Another particularly bad example, fresh from earlier today: https://bugzilla.redhat.com/show_bug.cgi?id=2419093

I just closed 31 of the 37 bugs as NOTABUG because they were filed against packages where no action is needed (or possible).

..snip..

Seriously, at this point it would be better to not have any CVE bug reports at all.

I wonder what a better solution would look like for Fedora CVE reporting, triage & tracking though ?

The Red Hat prod sec team don't have the resources to triage CVEs against every Fedora component, hence why they merely identify "possibly affected" components.

Package maintainers don't want to do triage from the huge number of BZs that prodsec is currently filing though.

If we don't have any BZ at all against Fedora, then most will never know CVEs even exist, the only fixes will be those that come in for free from rebases to new upstream releases.

If we accept the need to have some kind of reporting & tracking of CVEs, then it is inescapable that /someone / has to do triage of new CVEs at some point

Whom should be expected to do triage of CVEs, and what mechanism should Fedora use for tracking CVEs, instead of the BZs that are currently created ?
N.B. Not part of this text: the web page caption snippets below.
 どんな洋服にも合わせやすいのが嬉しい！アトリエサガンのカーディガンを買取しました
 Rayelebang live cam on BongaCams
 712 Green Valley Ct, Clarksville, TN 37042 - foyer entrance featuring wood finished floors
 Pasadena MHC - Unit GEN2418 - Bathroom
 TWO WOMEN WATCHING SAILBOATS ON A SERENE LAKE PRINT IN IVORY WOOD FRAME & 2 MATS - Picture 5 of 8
IMHO it is inescapable that package maintainers need to own the triage job as centralizing triage on to a small team cannot scale. I don't know what a better reporting & tracking approach would look like though, to make this job less awful ?
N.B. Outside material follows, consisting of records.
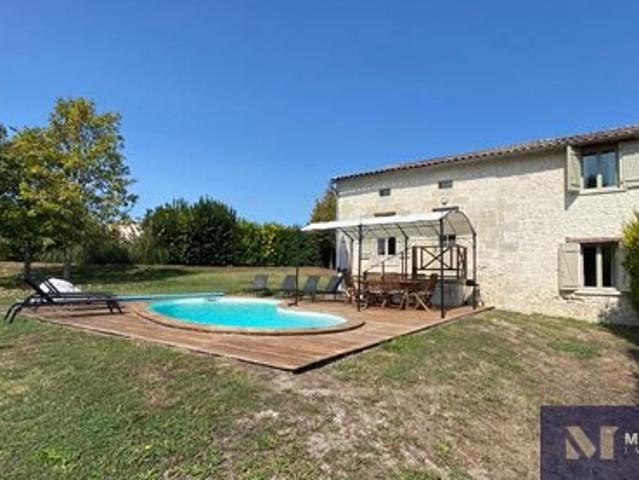 Maison Ancienne Renovee Avec Piscine Dans Residence Privee 104m² Chalais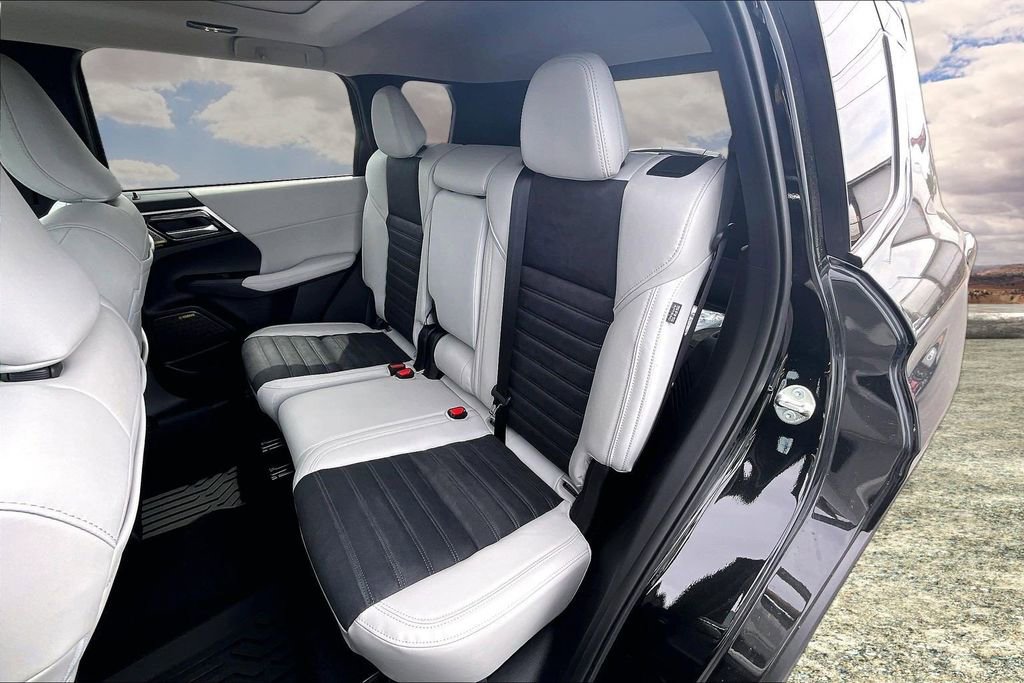 2026 Mitsubishi Outlander FWD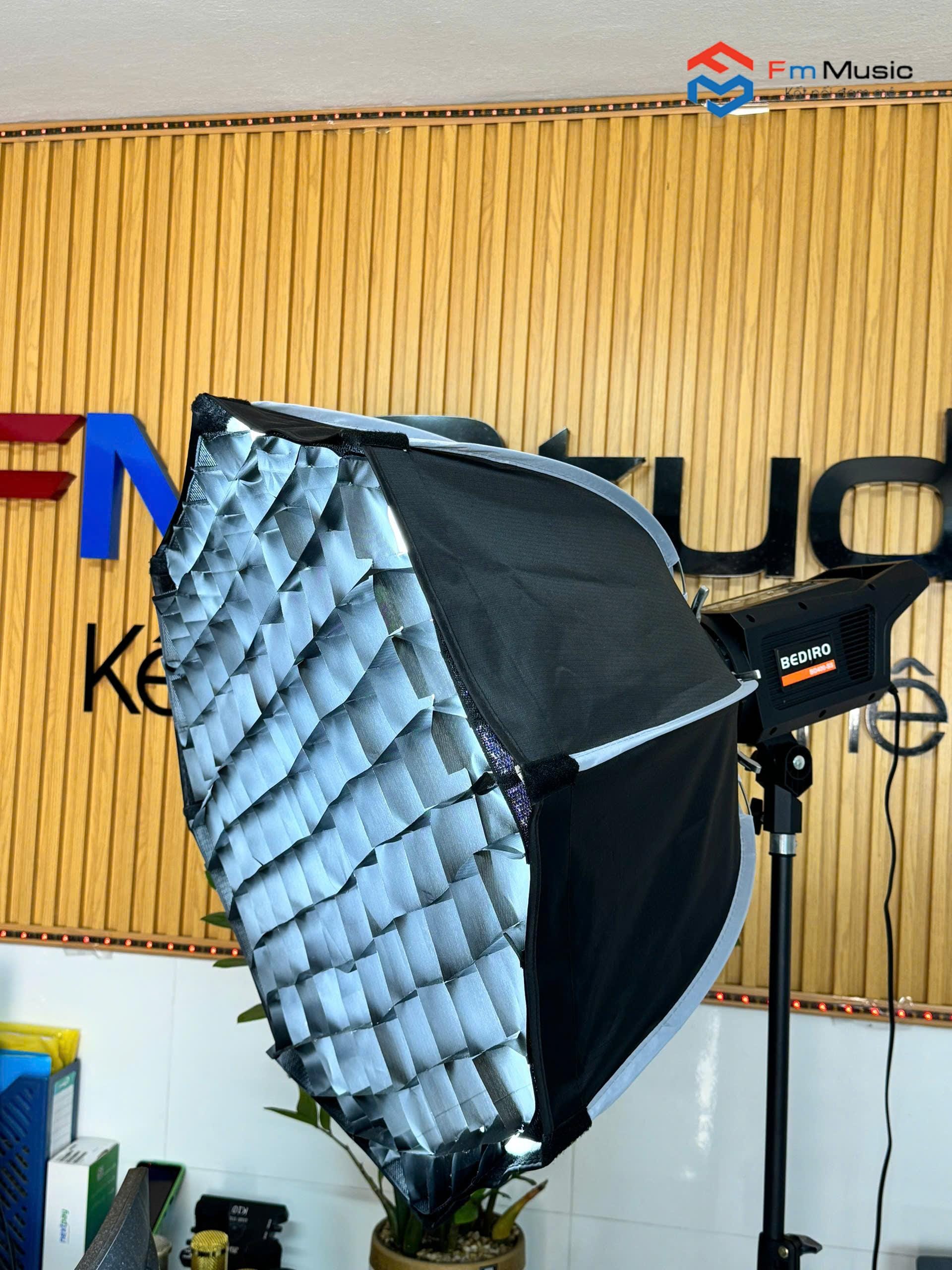 Đèn Sofbox Tổ Ong Đèn Sofbox Tổ Ong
This was discussed in today's meeting: https://lists.fedoraproject.org/archives/list/devel@lists.fedoraproject.org/message/QLPMFUG5VSBZW6L5WORW2PVZFB57JJOS/

@kevin is going to follow up with ProdSec about this topic.

This blog tells something that fedora(rawhide) already have for python

https://developers.redhat.com/articles/2025/12/15/how-reduce-false-positives-security-scans#

atleast we can start implementing VEX data for python issues, so those SBOM data can be used.
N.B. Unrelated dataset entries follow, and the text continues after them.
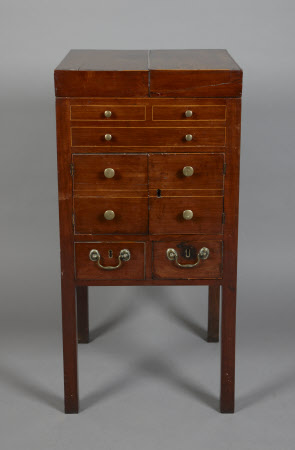 Dressing chest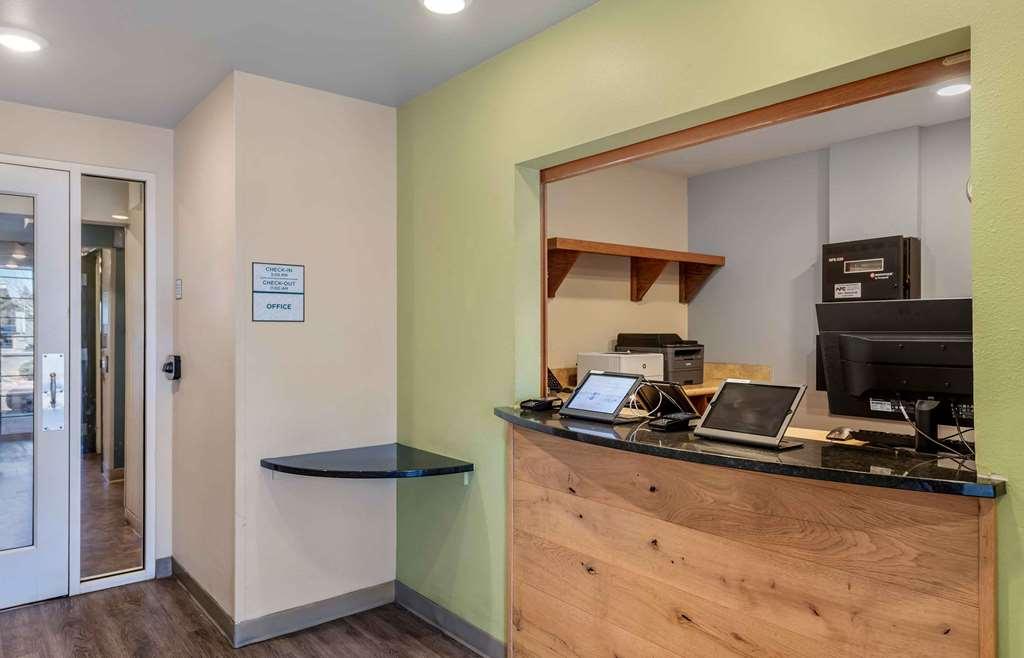 Extended Stay America Select Suites - Colorado Springs - Airport Interior foto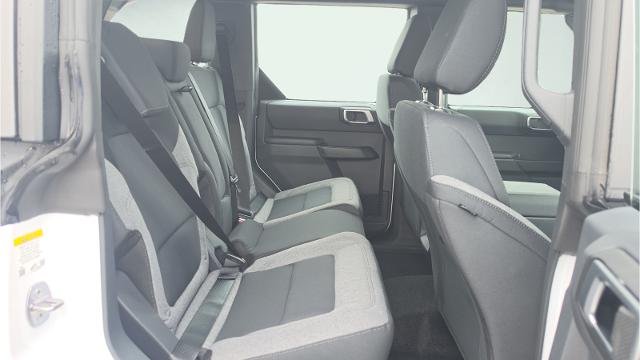 New 2026 Oxford White Ford Base image 54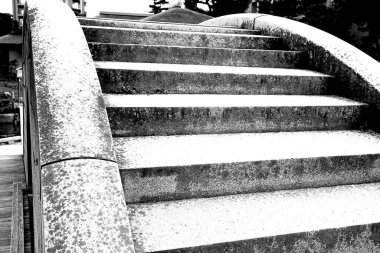 Şehirdeki eski paslı merdivenler.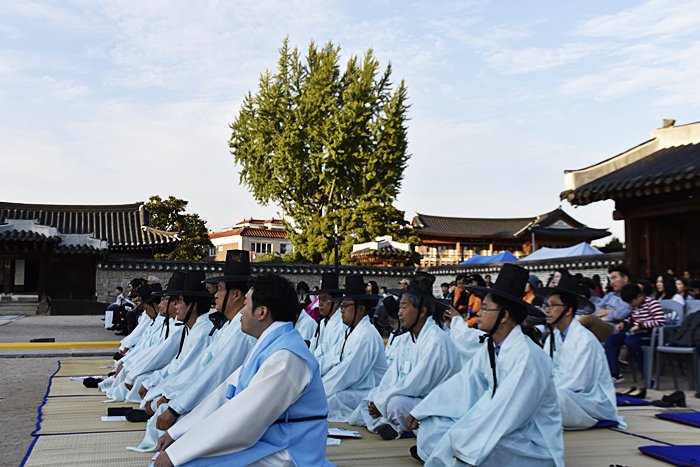 수원화성문화제 시민추진단 위원들이 하늘색 도포를 입고 고유별다례에 함께 참여하고 있다.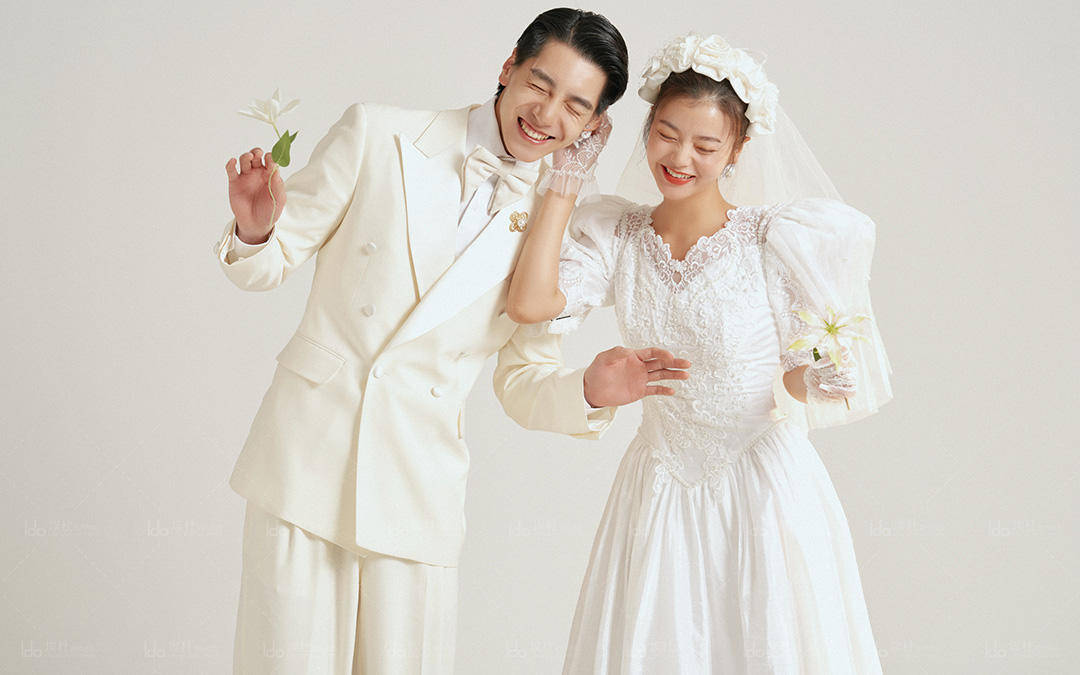 【ido埃杜】10周年特惠+總監(jiān)團(tuán)隊(duì)+私人定制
This blog tells something that fedora(rawhide) already have for python

https://developers.redhat.com/articles/2025/12/15/how-reduce-false-positives-security-scans#

"exists only in Fedora Rawhide as a technological preview"
"quick proof of concept"

This doesn't sound like something that you should already rely on.

Are we still waiting for the followups here?

I was going to try and gather some RH folks and see if we can open a dialog on this. I will try and do so this week.

If you need a recent example (from today):
https://bugzilla.redhat.com/show_bug.cgi?id=2429886

32 out of 36 filed bugs are bogus. There are zero hyperlinks (neither 1) the affected project, 2) a bug report, nor 3) the fix for the issue), it's only a wall of text.

AT LEAST the automatically generated hyperlink in the bug title is actually a valid page, often that's just a dead link to a nonexistent site on redhat.com ...

Now I'm going back to close 32 bugs as "NOTABUG", thanks for wasting my time, I guess :angry:

FYI, I have found the team working on this and have a meeting with them later this week.

Will report back after that and also ask them to engage here/etc.